By some accounts Generation Y is getting squished out of the property market, not only for buying but renting too. In fact, any Gen Yer with aspirations to a home must have shoved their iPod earphones in deep to drown out the Residential Development Council’s provocative survey showing only 7% of property experts think those born between 1978 and 2000 will ever be able to buy their own house.  

With the current housing affordability “crisis”, we’re fast getting an understanding of how an increasingly large group living longer – and holding onto property – might affect the generations underneath. As Ryan Heath put it to Baby Boomers, Please just f-ck off … it’s our turn now.

Perhaps there’d be less enmity if the government threw Gen Y a bone, in the spirit of intergenerational bonding. And why not start with wiping out HECS (Commonwealth Supported Places) debts so there’s at least a hope of parity among potential buyers? At June 2006, there was $12.5 billion of accumulated HELP (formerly HECS) debt in Australia.

Or how about not charging so much for education in the first place? Although, of course, students have been saved the financial pain of $500-600 student union fees each year, course fees have dramatically increased since the Howard government came into power.

It can now cost around $50,000 for a Commonwealth-supported undergraduate degree in law or medicine, or $35,000 for an engineering degree. For a domestic full-fee paying student it can be more like $20,000 a year; in other words, a tidy deposit on a house/apartment/hovel.

It isn’t all bad news. In some ways, Gen Y will be better off than their olds. There are lots of Baby Boomers with housing but no money, says James Kirby, editor of the Eureka Report; the existence of reverse mortgages being the most obvious proof of this. And they need it – the 2004 median superannuation balance was $30,700 for men and $8,000 for women.

Generation Y on the other hand, will have super but no housing to fall back on. Until of course, as Joshua Gans writes, they inherit it, their best option at this stage while the so-called average house can’t be bought with an average income.

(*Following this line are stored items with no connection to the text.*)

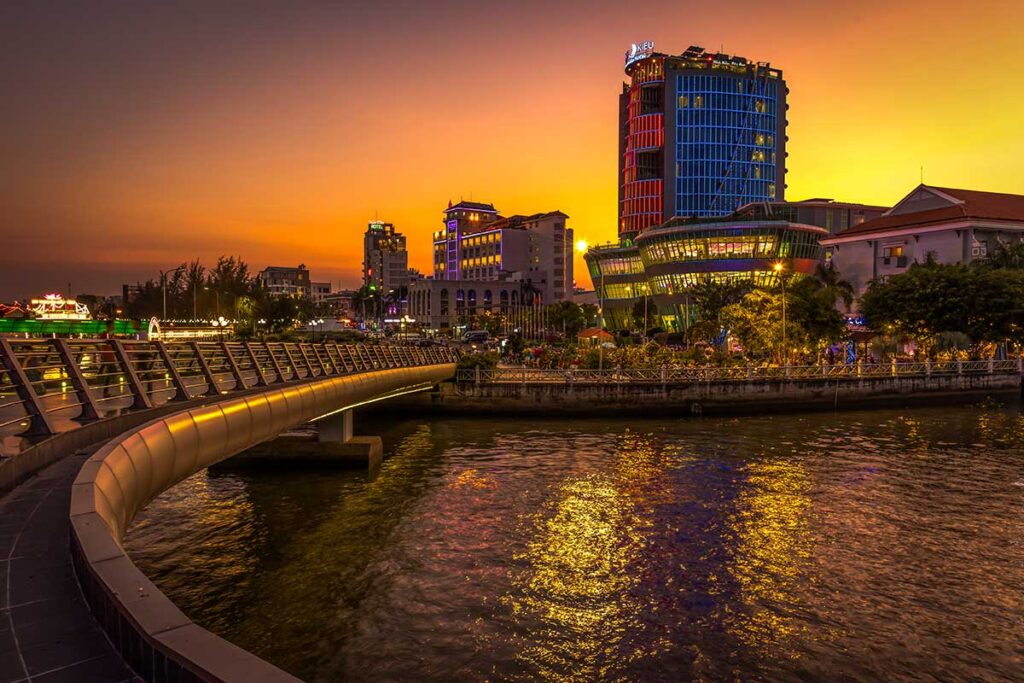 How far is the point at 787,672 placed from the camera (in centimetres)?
1224

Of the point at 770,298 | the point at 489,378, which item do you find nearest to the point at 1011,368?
the point at 770,298

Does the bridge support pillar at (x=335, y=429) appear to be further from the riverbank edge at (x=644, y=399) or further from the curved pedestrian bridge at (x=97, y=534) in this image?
the riverbank edge at (x=644, y=399)

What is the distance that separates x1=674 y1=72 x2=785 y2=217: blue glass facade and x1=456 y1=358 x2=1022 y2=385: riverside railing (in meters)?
115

But perhaps we’re clouding the real issue by talking in generational terms.

There are over 300,000 DIY super funds in Australia, says Kirby, with an average $670,000 worth of assets (this amount has leapt $90,000 in one year). The government’s tax changes, which mean that assets inside funds won’t be taxed, are a necessary reaction to the burden of ageing Baby Boomers.

Problem is, this will encourage already cashed up Baby Boomers to snaffle investment properties (in some cases more than one). They will then have every incentive to keep them inside the super fund, and very little to sell.

Forget expanding further into the suburbs; unlocking this property could be a better way to go.